Can derdine düşmüş insanlar camiye alem yapmaya değil, canlarını kurtarmak için girdiler.
Aklınızı başınıza toplayın. Ayıptır, yazıktır, günahtır! Namaz kılarken selamladığınız Melekler, yaptığınız her şeyi kaydediyor, unutmayın!
Bay Recep Tayyip Erdoğan?????
Oldum olası insanlara nasıl hitap etmem gerektiği ile ilgili sorular beynimi kurcalamıştır.
“Bey” mi diyeyim, “ağabey” mi?
“Teyze” mi uygun olur, “abla” mı?
Eşine “Naciye Hanım Teyze” dersem, kocasına “Necdet Bey Amca” mı demeliyim, “Necdet Amca” yeterli olur mu?
Karışık bir iş vesselam, deli dolu yazar kalem!
Rahmetli Bülent Ecevit, siyasal jargonumuza 'sayın' kelimesini sokan adamdır.
O günden beri siyasette muhatabınızdan söz ederken 'sayın' demek adettendir.
Şimdi isimlerini vermeyeceğim, gereksiz bir polemik olmasın diye.

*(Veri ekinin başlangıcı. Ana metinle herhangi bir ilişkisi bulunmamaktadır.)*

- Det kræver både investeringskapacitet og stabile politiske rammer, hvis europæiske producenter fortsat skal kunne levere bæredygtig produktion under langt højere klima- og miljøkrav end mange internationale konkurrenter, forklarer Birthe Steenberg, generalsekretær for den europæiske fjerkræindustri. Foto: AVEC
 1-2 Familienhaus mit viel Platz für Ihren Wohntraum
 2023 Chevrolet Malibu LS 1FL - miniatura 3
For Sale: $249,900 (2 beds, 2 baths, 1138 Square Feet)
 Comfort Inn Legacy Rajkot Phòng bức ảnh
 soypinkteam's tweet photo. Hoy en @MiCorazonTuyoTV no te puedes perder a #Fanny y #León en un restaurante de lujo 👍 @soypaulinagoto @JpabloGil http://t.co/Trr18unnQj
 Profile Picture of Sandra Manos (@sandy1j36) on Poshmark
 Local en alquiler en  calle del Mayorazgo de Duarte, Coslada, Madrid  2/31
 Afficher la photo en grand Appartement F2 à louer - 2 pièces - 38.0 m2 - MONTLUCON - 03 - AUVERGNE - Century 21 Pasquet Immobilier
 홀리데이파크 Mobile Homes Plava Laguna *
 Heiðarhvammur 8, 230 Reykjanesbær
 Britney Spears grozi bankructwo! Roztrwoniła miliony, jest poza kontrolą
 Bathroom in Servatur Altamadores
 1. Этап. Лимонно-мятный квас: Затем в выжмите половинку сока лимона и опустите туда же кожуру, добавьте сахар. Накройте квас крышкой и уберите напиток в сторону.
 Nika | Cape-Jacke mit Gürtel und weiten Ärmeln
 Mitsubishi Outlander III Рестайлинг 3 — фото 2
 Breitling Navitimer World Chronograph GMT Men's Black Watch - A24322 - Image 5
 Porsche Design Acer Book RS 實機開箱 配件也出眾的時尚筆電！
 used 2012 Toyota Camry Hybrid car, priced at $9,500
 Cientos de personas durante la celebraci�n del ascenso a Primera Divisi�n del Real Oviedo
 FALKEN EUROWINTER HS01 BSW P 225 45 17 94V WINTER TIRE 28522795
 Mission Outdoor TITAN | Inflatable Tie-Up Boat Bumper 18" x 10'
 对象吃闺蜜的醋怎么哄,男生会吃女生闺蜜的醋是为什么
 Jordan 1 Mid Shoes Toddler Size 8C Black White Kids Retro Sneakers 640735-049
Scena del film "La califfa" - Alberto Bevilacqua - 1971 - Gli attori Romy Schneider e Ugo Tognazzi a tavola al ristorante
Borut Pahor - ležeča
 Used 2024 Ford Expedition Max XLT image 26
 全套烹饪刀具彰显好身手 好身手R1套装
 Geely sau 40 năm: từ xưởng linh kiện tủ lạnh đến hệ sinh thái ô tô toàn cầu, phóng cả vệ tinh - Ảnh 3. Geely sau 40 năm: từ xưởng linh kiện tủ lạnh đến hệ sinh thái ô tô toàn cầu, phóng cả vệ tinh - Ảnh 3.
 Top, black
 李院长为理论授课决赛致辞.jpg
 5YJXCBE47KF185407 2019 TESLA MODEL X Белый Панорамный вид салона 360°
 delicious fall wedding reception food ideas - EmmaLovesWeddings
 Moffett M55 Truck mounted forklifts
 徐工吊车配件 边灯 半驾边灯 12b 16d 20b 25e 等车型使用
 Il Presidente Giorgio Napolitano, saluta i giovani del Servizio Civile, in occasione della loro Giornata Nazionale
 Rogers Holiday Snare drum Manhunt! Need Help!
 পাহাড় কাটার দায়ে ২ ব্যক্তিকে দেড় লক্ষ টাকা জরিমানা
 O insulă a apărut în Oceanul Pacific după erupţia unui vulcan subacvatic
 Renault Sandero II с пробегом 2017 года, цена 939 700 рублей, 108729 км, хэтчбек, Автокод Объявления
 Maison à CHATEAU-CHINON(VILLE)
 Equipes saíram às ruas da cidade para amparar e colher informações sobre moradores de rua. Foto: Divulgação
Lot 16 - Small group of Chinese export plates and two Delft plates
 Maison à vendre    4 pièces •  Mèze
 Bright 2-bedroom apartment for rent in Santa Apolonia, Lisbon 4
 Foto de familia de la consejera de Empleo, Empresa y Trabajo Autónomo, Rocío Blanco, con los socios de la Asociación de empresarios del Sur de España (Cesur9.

12 Eylül öncesinde, ben genç bir muhabir iken bir TBMM oturumunda bir milletvekili sözünü kesen oturum başkanına şöyle demişti: “Sayın Başkan, size sayın diyorsam, iç tüzük gereğidir!”
Lafı uzatmayayım, Cumhurbaşkanı Erdoğan, Kemal Kılıçdaroğlu’ndan söz ederken artık 'Bay Kemal' diyor.
Ana muhalefet partisinin lideri olmak önemli bir durum. Siyasi geleneklerimizde ve TBMM İç Tüzüğü'nde bunun protokol açısından bir anlamı ve bir değeri var.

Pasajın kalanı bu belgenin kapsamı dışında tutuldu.